Alongside all of these professional pursuits, I have been a longtime supporter of Joe Biden and Kamala Harris. I was on their 2020 campaign’s National Finance Committee, a Chair of the Presidential Inaugural Committee, and a member of Climate Leaders for Biden. Before that, I was deeply involved in Barack Obama and Joe Biden’s 2008 and 2012 presidential campaigns. I worked as an advisor, field office volunteer, Co-Chair of National Finance, and a Trustee of the Presidential Inaugural Committee. During the reelection, I continued his work as a National Finance Committee member, a host of the President’s technology roundtable series, and as Co-Chair of Tech for Obama/Biden. Following the 2016 election, frustrated by the Democrats’ loss of the digital organizing advantage, Crystal and I became the most active funders of a new generation of political engagement tools that helped secure victories up and down the ballot in 2018 and 2020.
Meantime, you know I have never shied from sharing my opinions about anything, so I have spent years as a loud and candid fixture on television, radio, and podcasts. Some of my favorites are collected here. A couple of years ago, I joined the cast of Shark Tank for episodes spanning a few Emmy Award-winning seasons where I loved being a thorn in the side of Mark Cuban and Kevin O’Leary. You might have also seen me co-star on the ABC series Alex Inc., and drop in for a cameo on Showtime’s Billions.
Not enough bio for you? Want to go back a little farther? Early in my career, I was an attorney at the Silicon Valley firm of Fenwick & West, where I worked on venture capital, mergers & acquisitions, and licensing transactions for technology giants. (Let’s keep this whole me being a lawyer thing between us.) Then I served in various executive roles at one of the world’s largest streaming and digital media companies, Speedera Networks (acquired by Akamai Technologies).

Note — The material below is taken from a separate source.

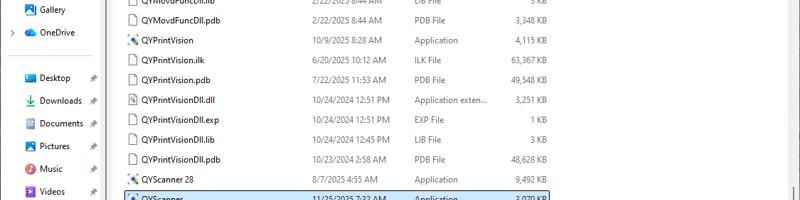 Run QYScanner.exe to Test Camera Connection.png
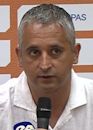 Igor Kokoškov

Turn the book back a few more pages, and you’ll find I graduated cum laude from the Edmund A. Walsh School of Foreign Service at Georgetown University and was an Edmund Evans Memorial Scholar as well as a Weeks Family Foundation Scholar. Undergrad is where Crystal and I met as classmates. (She often reminds me that her GPA was .02 higher than mine.) Earning my Foreign Service degree included plenty of time abroad attending the Universidad Católica del Ecuador in Quito, Ecuador, University College Cork, in Cork, Ireland, and the Universidad Complutense in Madrid, Spain.
I went on to graduate cum laude from Georgetown University Law Center, where I was a member of The Tax Lawyer law review, was awarded the Philip A. Ryan and Ralph J. Gilbert Memorial scholarships, and spent some time working in a law firm in El Salvador. Long before any of that, beginning in 7th grade, I attended night school at the State University of New York at Buffalo for years of college mathematics classes wearing thick glasses, awkward braces, and knowing the entire time that technology and innovation would always be passions of mine.

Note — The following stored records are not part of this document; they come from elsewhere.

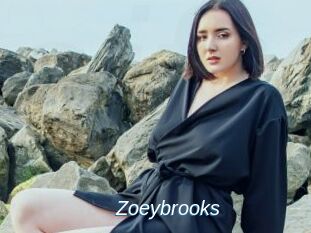 Zoeybrooks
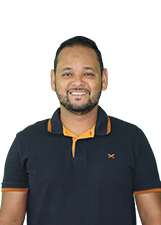 Foto de ROSIVAL GERVASIO DE BRITO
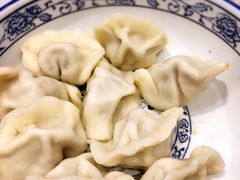 府皇牛肉抄手-府皇牛肉抄手(青羊店)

Over the arc of my career, I’ve been sure to carve out time for academic experiences and fellowships, including roles as an Associate Fellow of the Said Business School at Oxford University, an MIT Enterprise Forum Global Trustee, an Atlantic Council Vanguard 25 member, and a Henry Crown Fellow at the Aspen Institute.

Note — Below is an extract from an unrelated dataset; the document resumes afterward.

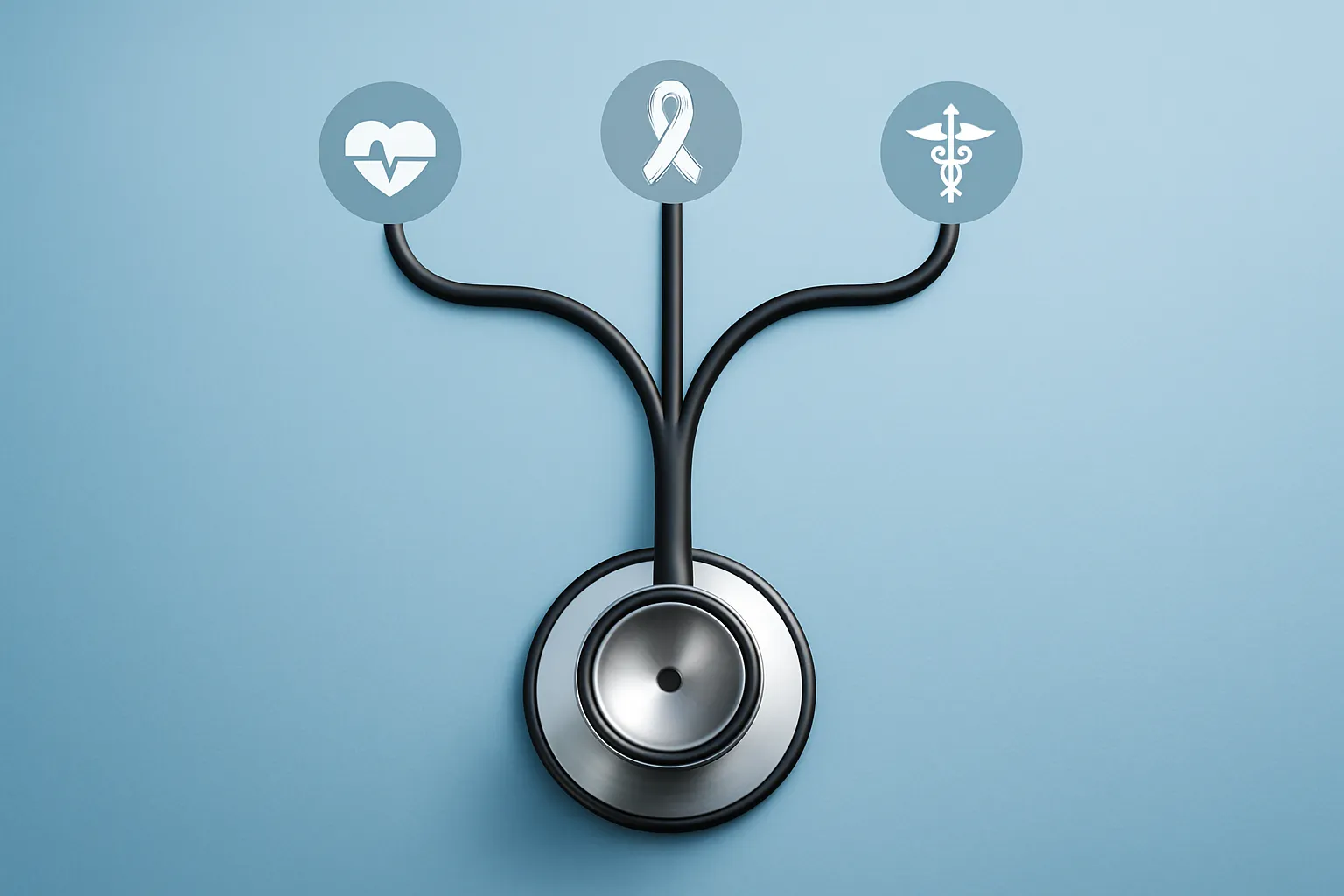6 Insights for Nurses Exploring Specialized Career Paths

These days, I live with my wife Crystal and our three gutsy girls in Jackson, Wyoming, and our home away from home, Copenhagen, Denmark. Alpine and nordic skiing are religious pursuits for me. When not trying to heal the planet, reform our criminal justice system, and accelerate research into supportive and therapeutic care and vaccines for COVID-19, I’m also a kitesurfer, recovering Ironman triathlete, average-proficiency crossword puzzler, beginner violinist trying to keep up with his kids, and I’ve bicycled coast-to-coast across the United States of America.